Enhancing Code Completion with Smart Context Retrieval and Code Chunking

TLDR: This research paper introduces a novel context collection strategy for improving repository-level code completion using large language models (LLMs). The method involves preprocessing code into smaller chunks, then employing a hybrid retrieval system that combines syntactic (BM25) and semantic (FAISS) similarity. A key innovation is ‘relative positioning,’ where the system retrieves not only similar code chunks for a given prefix and suffix but also their subsequent (‘next’) and preceding (‘previous’) chunks, respectively. This comprehensive context, which also includes the completion file and recently opened files, significantly boosts LLM performance in filling in code, earning the solution top placements in a code completion competition.

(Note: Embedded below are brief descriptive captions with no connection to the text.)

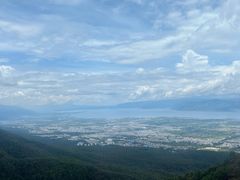 -苍山感通索道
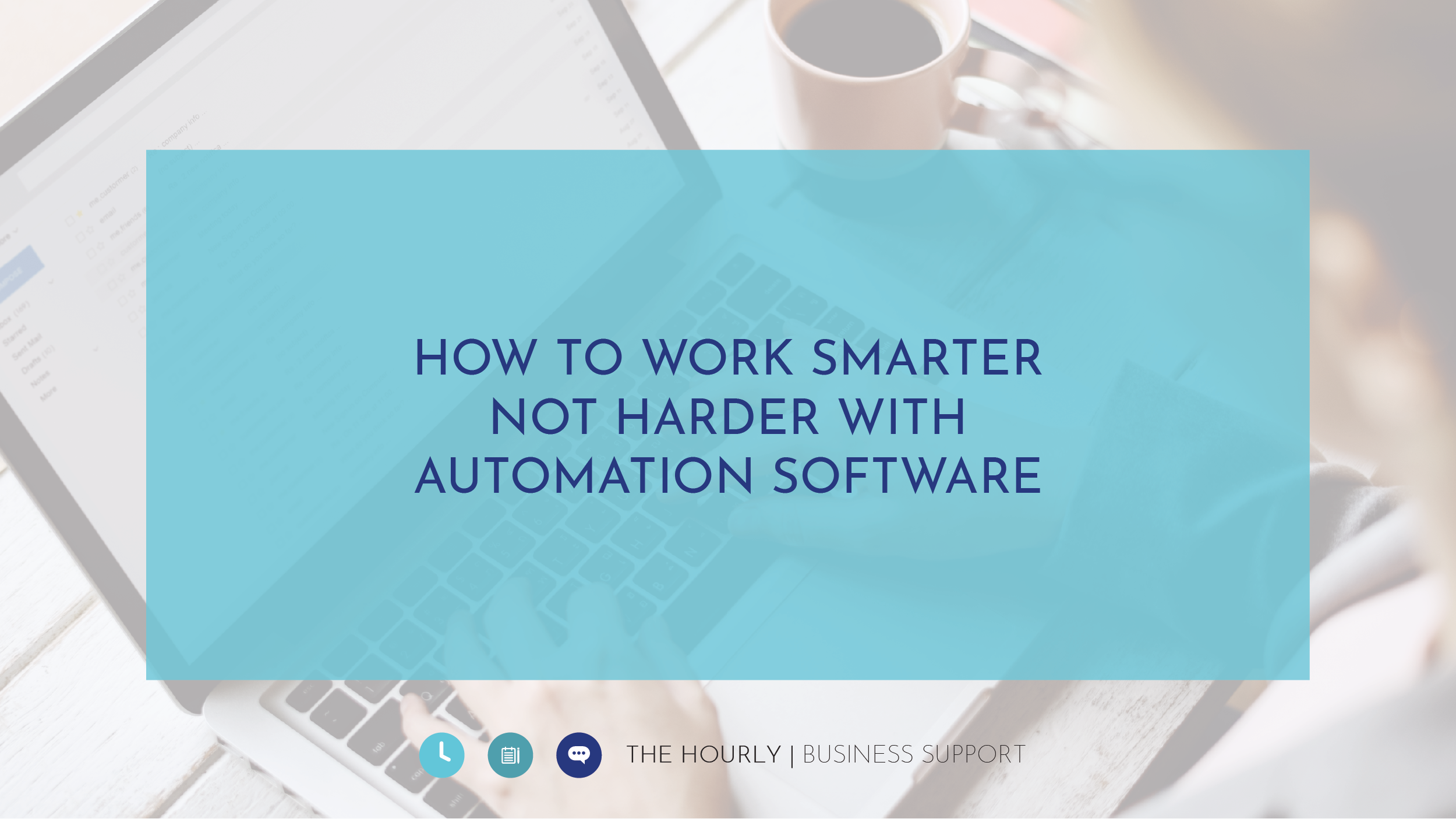 Business Automation - Work Smarter, Not Harder!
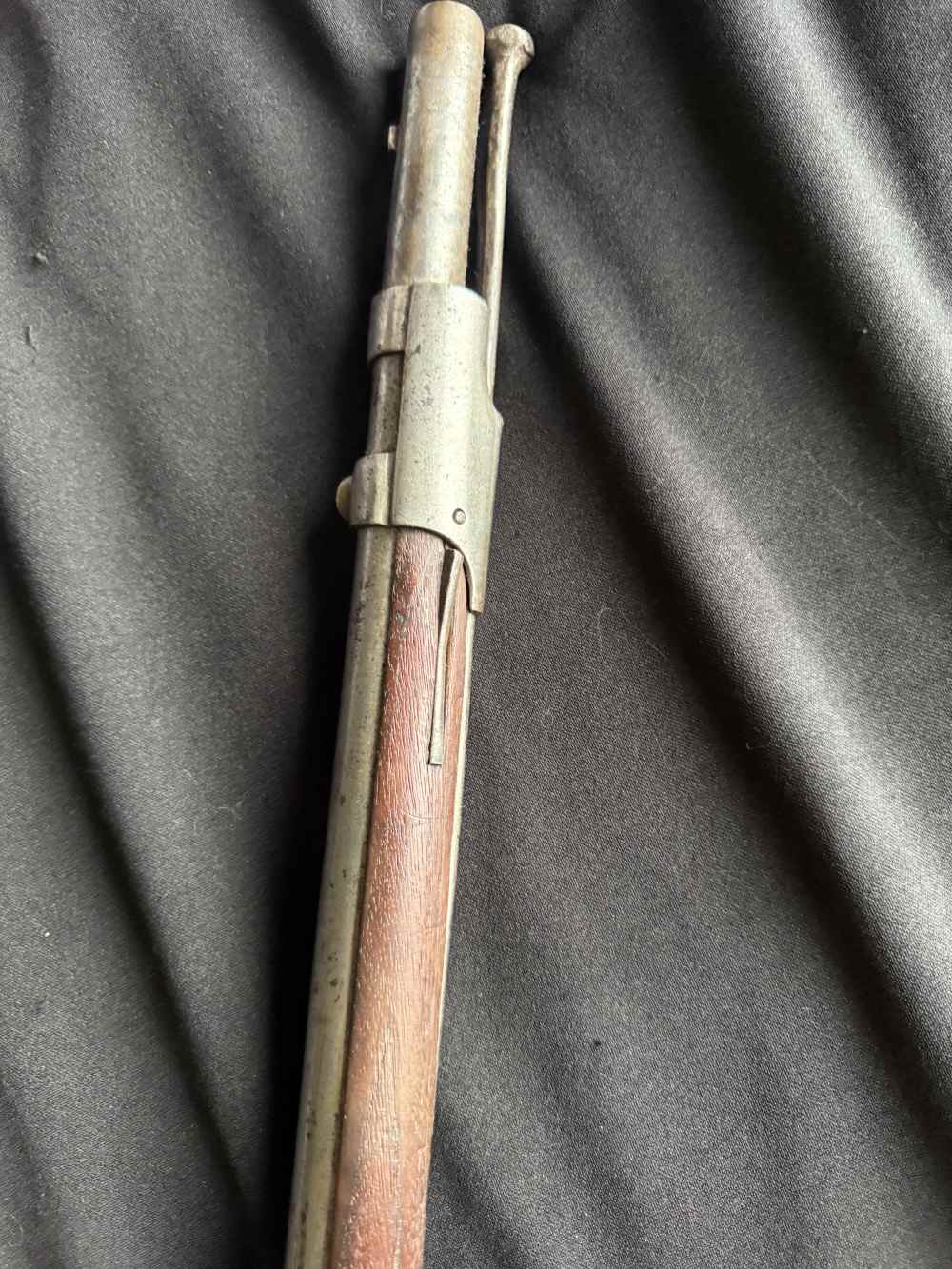 American Nipps Contract 1795 Pattern Flintlock Musket .75 Cal-img-27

Code completion has become an indispensable feature in modern integrated development environments (IDEs), significantly boosting developer efficiency. However, despite its widespread availability, there’s an ongoing challenge in determining what constitutes truly effective context for large language models (LLMs) to perform optimally in code completion tasks.

A recent research paper, Relative Positioning Based Code Chunking Method For Rich Context Retrieval In Repository Level Code Completion Task With Code Language Model, by Imranur Rahman and Md Rayhanur Rahman, addresses this critical issue. The authors propose an innovative context collection strategy designed to enhance LLM performance in repository-level code completion.

The core of their strategy involves two key ideas: preprocessing the entire code repository into smaller, manageable ‘code chunks’ and then using a retrieval mechanism that considers both syntactic and semantic similarity, along with a novel concept of ‘relative positioning’ of these chunks.

The Problem and Approach

The research was motivated by a competition organized by JetBrains Research, co-located with the Automated Software Engineering (ASE 2025) conference. Participants were tasked with creating an effective context collection strategy to supplement completion points with useful information from across a whole repository. The setup provided the full source code, recently used files, the completion file, and a prefix and suffix of a code snippet, with the goal for an LLM to ‘fill in the middle’.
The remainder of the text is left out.